Ante ese vacío, se alza tanto el riesgo de la magia, de la respuesta fácil y segura, como el riesgo del relativismo absoluto e igualmente absurdo: en un mundo sin certezas, algunos prefieren pensar que todo se vale, que todo es igual, que no hay ya criterios para distinguir una buena de una mala acción, una buena de una mala idea, una buena de una mala obra de arte, un razonamiento de una ocurrencia, una buena de una mala política, una buena de una mala vida. Todo da igual.


¿Cómo salir de esta trampa? En El valor de elegir, Fernando Savater nos propone un giro radical: frente a las angustias de un mundo en el que ya no encontramos con facilidad las viejas certezas no cabe ninguna de estas salidas: ni el regreso a la magia ni el relativismo brutal. Savater, retomando a los griegos, nos invita a enfrentar la incertidumbre, la pérdida de las certezas absolutas, por un camino típicamente humano: recuperando la ética y la estética, encontrando y construyendo “lo bueno y lo bello” en cada aspecto de nuestra vida cotidiana, valorándolos precisamente por lo que son, es decir, por lo que logramos hacer de ellos mediante nuestra actuación virtuosa. Ahí radica la trascendencia de esos pequeños logros cotidianos que constituyen nuestra vida: en haber aspirado a más no como destino inevitable, sino como fruto de nuestras acciones, de nuestras decisiones, del uso responsable de ese libre albedrío que, a pesar de los pesares, sigue siendo característica esencial del ser humano.
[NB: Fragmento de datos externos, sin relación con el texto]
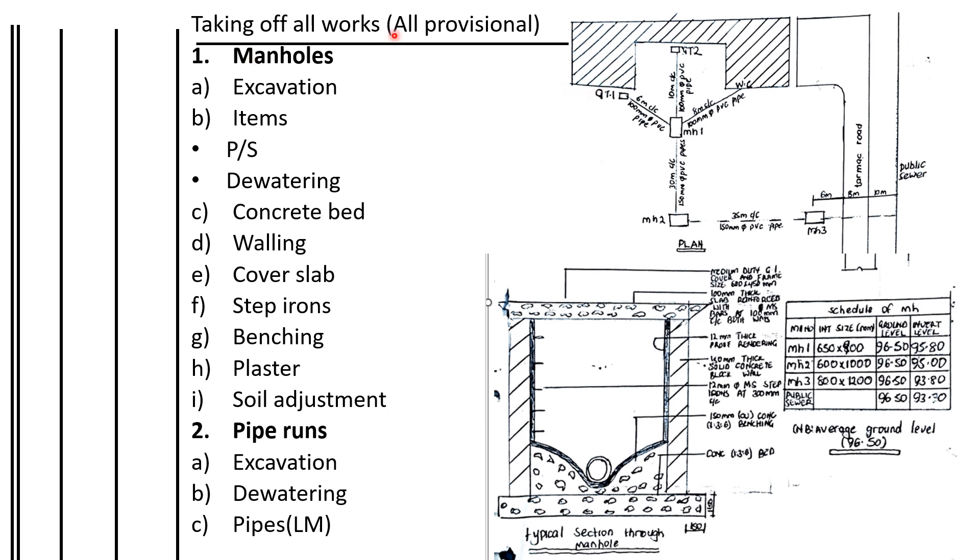When taking off the manholes for drainage, we shall start with the manholes and excavate the pits. Then we shall do the planking and strutting, and the dewatering, which are measured as items because we have to go to site to get the actual measurements. In the BQ we will just allow a provisional sum for them.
Como ocurre con el conocimiento, apreciar y valorar la vida en su contingencia no significa que nos resignemos a su rutina o su mediocridad. Todo lo contrario, implica un afán permanente por perfeccionar cuanto hemos logrado, aún entendiendo – y sobre todo porque entendemos – su limitada y maravillosa contingencia. Si somos un instante, sepamos serlo de la mejor forma posible. Finalmente, Savater nos recuerda que “la única forma compatible con nuestra contingencia de multiplicar los bienes que apreciamos es intercambiarlos, compartirlos, comunicarlos a nuestros semejantes para que reboten en ellos y vuelvan a nosotros cargados de sentido renovado”.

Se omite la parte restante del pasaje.